Tottenham Hotspur 0 Liverpool 3: Raheem Sterling stars for Brendan Rodgers
Liverpool's teenager delivered another superb performance in the dismantling of Tottenham. The youngster now appears to be developing at a rate faster than any other English player
By Daniel Storey - Follow on Twitter @danielstorey85
Last Updated: 31/08/14 8:26pm
Brendan Rodgers' decision to put Mario Balotelli straight into the Liverpool starting XI in the 3-0 win at Tottenham Hotspur saw the return of the diamond formation in midfield, with Raheem Sterling operating at the uppermost point.

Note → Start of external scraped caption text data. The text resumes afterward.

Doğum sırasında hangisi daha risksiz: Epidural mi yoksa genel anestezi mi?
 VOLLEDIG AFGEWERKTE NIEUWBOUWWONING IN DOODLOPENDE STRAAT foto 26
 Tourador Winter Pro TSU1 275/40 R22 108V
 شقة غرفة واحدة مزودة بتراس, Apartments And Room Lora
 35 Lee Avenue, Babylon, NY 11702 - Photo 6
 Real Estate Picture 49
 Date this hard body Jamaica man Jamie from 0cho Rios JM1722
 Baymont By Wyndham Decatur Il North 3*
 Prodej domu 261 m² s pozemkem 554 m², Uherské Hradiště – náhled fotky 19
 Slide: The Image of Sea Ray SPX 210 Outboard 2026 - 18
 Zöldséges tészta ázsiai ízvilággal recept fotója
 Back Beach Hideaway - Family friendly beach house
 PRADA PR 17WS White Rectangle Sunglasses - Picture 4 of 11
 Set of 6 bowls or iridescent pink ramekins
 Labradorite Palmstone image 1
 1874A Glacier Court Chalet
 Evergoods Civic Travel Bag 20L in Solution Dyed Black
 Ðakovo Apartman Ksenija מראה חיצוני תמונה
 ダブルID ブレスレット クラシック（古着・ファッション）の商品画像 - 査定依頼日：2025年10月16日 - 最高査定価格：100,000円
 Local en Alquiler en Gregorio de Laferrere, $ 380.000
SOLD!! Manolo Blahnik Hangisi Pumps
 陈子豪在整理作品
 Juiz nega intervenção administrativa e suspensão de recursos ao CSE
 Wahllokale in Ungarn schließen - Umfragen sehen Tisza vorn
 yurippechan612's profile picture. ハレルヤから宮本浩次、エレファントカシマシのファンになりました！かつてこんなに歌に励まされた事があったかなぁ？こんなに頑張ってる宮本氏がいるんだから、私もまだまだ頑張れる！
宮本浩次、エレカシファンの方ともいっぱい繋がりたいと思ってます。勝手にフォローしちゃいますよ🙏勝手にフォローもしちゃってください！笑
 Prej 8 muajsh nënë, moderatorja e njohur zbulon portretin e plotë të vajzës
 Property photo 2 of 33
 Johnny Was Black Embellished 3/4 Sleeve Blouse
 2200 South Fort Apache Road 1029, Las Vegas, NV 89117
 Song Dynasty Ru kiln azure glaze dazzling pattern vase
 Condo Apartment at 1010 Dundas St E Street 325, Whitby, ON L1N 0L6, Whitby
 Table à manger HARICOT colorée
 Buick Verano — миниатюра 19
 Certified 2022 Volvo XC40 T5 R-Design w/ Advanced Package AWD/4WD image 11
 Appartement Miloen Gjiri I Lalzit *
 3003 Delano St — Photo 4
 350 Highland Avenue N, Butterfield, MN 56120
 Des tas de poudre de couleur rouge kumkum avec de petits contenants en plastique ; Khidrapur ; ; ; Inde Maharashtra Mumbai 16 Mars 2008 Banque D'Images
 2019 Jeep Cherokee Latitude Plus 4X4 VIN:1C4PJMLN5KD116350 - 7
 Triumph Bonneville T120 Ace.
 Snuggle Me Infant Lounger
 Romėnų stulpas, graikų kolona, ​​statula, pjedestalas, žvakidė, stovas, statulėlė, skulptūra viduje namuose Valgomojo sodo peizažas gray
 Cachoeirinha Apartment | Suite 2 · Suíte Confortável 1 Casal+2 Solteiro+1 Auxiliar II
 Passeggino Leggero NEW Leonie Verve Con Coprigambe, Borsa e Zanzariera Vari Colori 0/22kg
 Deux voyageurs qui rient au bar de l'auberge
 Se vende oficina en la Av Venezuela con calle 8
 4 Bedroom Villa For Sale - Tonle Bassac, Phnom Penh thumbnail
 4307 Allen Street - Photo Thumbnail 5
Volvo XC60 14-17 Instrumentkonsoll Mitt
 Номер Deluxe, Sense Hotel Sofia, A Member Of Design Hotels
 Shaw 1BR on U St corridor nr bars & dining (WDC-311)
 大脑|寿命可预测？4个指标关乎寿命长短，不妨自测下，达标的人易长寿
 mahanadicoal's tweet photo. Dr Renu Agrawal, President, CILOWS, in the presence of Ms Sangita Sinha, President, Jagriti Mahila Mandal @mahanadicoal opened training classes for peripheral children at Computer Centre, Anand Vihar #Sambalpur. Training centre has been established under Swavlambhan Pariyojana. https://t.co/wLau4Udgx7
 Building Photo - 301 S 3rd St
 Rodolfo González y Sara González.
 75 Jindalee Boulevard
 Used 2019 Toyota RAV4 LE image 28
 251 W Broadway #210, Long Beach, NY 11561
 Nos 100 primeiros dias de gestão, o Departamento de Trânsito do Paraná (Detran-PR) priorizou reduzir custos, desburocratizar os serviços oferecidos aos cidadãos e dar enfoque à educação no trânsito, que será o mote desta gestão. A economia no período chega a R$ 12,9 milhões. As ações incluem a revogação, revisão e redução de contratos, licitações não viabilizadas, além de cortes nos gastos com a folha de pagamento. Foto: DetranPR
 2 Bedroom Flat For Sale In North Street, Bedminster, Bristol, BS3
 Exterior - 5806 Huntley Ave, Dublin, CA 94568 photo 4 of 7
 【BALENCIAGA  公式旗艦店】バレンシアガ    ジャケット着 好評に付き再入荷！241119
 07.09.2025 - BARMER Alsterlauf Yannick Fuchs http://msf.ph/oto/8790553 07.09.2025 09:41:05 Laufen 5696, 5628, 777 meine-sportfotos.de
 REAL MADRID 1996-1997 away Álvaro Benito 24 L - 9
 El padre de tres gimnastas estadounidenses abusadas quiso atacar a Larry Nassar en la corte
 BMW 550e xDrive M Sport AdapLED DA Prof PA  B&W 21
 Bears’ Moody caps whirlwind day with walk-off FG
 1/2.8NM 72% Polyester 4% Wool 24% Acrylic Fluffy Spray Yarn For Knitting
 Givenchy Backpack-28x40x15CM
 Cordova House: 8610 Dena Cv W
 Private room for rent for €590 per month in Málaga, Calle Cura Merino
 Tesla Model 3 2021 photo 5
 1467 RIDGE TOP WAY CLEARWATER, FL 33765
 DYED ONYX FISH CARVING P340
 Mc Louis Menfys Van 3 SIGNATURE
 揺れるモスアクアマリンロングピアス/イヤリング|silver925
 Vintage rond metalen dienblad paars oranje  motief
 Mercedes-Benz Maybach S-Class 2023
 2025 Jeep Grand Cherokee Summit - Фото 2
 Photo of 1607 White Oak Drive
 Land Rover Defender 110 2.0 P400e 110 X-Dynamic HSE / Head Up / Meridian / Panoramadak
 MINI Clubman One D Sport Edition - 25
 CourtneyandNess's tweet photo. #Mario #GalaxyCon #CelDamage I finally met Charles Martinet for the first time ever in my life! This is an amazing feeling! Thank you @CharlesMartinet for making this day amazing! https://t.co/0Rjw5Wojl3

With the departure of Luis Suarez, many predicted that Rodgers would prefer to utilise a 4-2-3-1 or 4-3-3 formation, predictions that seemed only to strengthen with the arrival of both Lazar Markovic and Adam Lallana. While the arrival of £16million man Balotelli in partnership with Daniel Sturridge may make for interesting team selection decisions further down the line for Rodgers, after a lack of cutting edge in attack against both Southampton and Manchester City, it made sense to try something new.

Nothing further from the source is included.